Brittain remarks: “We are evolving our distribution strategy. This is a sector that is moving so quickly. For Season 1 and Season 2 we did a combination of Twitch, [online TV channel] BBC Three, [pay-TV’s] BT Sport and Eleven Sports and looked at various combinations to reach as wide an audience as possible.
“Our mandate has been about creating content that also appeals to the wider fan. One of the things about Facebook that people don’t realise is that there’s 800 million connected gamers on the platform and they wouldn’t necessarily go to Twitch as their first port of call, they’re just very casual gamers.
“One of the big words of eSports is community. When people are watching eSports they’re doing so with different devices in their hands and engaging and sharing and talking about that content. We want to be accessible and as widely viewed as possible, but that’s not to say we’re abandoning any linear strategy at all. It’s about finding a linear partner that suits our ambitions.
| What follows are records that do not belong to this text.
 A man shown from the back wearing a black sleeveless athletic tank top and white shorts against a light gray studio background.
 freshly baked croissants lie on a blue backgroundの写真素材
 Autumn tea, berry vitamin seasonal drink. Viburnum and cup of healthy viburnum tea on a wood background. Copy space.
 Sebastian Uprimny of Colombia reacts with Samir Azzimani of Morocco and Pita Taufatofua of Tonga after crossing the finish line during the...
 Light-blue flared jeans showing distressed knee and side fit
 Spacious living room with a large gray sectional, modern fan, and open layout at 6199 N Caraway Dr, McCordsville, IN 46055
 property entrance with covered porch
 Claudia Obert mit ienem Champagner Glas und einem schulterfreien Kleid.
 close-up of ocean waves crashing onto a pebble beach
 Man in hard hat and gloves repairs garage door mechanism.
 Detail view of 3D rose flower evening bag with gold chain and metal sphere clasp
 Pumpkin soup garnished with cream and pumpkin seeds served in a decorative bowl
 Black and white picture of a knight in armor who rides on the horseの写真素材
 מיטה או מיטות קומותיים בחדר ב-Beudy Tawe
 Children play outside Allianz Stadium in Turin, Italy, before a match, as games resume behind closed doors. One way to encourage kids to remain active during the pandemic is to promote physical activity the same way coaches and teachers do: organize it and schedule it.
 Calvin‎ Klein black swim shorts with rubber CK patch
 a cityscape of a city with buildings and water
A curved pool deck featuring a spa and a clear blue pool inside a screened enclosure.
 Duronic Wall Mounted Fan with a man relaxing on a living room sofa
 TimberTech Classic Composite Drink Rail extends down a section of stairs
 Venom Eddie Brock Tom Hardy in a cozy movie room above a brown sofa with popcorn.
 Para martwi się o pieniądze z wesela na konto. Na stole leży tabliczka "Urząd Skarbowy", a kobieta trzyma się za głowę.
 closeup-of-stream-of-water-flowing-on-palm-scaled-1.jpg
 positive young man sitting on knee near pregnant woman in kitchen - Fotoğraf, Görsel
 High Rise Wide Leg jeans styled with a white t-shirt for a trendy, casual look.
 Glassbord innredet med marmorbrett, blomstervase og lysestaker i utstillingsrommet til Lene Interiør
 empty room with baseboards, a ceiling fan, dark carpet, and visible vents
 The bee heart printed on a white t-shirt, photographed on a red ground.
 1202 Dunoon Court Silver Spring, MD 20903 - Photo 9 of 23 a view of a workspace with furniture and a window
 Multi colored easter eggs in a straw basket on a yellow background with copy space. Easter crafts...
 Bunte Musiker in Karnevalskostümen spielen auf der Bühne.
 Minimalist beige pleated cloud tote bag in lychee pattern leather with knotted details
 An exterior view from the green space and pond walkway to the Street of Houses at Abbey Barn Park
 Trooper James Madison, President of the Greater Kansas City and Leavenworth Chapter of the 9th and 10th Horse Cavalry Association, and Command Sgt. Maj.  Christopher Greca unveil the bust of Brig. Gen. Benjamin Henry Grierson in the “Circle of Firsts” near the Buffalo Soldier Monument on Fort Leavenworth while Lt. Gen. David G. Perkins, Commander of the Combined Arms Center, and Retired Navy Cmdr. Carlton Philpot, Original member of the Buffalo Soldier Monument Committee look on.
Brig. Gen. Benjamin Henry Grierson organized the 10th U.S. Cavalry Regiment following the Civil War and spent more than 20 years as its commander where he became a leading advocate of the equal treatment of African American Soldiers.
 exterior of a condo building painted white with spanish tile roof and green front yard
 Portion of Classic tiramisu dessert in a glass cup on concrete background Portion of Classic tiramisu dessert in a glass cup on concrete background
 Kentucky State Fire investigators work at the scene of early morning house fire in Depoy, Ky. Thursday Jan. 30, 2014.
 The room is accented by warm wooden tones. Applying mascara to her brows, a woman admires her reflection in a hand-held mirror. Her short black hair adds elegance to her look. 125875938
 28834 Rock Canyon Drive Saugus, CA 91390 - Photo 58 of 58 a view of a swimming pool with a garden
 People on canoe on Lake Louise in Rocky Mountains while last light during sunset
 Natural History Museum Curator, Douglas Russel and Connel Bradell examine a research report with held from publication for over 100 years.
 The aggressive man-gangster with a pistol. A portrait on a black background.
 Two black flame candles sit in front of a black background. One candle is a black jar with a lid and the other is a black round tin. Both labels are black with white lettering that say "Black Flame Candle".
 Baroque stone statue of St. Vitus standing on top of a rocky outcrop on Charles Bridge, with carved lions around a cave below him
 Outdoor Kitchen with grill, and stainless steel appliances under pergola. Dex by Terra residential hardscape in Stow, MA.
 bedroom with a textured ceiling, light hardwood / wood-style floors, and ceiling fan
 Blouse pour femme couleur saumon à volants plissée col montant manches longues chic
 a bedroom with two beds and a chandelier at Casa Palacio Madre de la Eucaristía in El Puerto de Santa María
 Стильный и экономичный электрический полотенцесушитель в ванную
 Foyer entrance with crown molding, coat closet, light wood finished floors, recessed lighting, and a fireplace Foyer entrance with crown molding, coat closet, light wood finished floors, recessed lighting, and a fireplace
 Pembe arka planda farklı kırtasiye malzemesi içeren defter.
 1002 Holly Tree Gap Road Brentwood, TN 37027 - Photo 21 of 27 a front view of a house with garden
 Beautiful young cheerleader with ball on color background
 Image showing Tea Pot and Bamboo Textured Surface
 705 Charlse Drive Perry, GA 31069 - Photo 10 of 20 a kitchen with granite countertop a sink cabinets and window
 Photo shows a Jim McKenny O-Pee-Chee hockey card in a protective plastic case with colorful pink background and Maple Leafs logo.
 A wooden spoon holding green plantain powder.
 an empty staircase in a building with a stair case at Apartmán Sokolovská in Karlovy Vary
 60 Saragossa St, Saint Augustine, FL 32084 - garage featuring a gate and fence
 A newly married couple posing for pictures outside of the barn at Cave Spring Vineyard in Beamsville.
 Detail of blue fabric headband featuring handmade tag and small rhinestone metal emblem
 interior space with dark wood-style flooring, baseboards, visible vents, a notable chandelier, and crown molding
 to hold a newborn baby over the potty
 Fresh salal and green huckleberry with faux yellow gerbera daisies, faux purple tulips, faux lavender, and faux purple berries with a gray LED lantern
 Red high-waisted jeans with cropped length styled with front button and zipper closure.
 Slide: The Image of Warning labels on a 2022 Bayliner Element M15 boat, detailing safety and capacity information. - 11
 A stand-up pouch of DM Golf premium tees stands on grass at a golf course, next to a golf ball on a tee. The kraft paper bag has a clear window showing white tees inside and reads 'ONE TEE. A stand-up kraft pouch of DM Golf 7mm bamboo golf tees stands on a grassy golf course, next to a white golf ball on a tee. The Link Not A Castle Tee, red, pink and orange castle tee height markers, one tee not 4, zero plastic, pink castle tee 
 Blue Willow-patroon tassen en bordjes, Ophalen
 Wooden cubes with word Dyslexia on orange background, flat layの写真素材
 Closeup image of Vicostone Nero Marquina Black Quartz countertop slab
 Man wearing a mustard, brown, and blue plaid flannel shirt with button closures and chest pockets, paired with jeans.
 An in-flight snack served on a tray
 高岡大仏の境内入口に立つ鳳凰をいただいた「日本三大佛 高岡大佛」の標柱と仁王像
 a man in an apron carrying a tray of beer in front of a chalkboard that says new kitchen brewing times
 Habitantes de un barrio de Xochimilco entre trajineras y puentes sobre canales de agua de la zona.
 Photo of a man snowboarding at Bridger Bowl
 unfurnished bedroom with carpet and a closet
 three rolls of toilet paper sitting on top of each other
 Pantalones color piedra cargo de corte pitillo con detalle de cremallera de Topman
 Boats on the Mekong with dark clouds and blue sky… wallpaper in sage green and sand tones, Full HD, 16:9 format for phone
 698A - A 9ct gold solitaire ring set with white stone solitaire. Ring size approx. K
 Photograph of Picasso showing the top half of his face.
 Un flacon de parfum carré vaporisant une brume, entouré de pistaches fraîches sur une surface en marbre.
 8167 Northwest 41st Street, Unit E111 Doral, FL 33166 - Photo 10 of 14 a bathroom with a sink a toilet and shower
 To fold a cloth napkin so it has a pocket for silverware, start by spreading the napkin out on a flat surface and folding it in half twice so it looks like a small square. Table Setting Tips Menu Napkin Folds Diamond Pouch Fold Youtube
We don’t just want our content to be put on at two o’clock in the morning. We want to find a platform that is telling the story with us.
Yet, putting content on at two o’clock in the morning has been successful for some eSports properties. ELeague, the eSports competition launched by Endeavor, the sports and entertainment company formerly known as WME-IMG, and Turner, has regularly attracted viewing figures in the hundreds of thousands for some of its Counter Strike: Global Offensive content that has been shown in the early hours of the morning on Turner’s TBS channel.
With lucrative streaming media rights deals now becoming commonplace for some eSports properties, the industry’s big players are starting to bring in significant revenue. Twitch paid out $90 million for the global streaming rights (excluding China) to the Overwatch League earlier this year, and it followed this with the acquisition of rights to the inaugural NBA 2K League.
Gfinity’s own revenues have soared in the last year. In the final six months of 2017 revenue increased by 103 per cent compared with the same period in 2016. However, the company still posted a loss before tax of £7.7 million ($10.5 million).
Yet Brittain remains positive, saying: “From a commercial point of view there’s some key revenue streams, one is media rights and distribution of our content, the second really is sponsorship and commercial partners, the third is teams that are paying a franchise fee to participate and the fourth is, when we license the Elite Series internationally we get revenue back through that.
“The media rights have been the most visible and perhaps actually the most lucrative, and I think that is testament to the investment we’ve made in production. The fact that we’ve added the teams that we have and that those teams are paying to participate shows that the model is the correct one and it’s only going to grow.”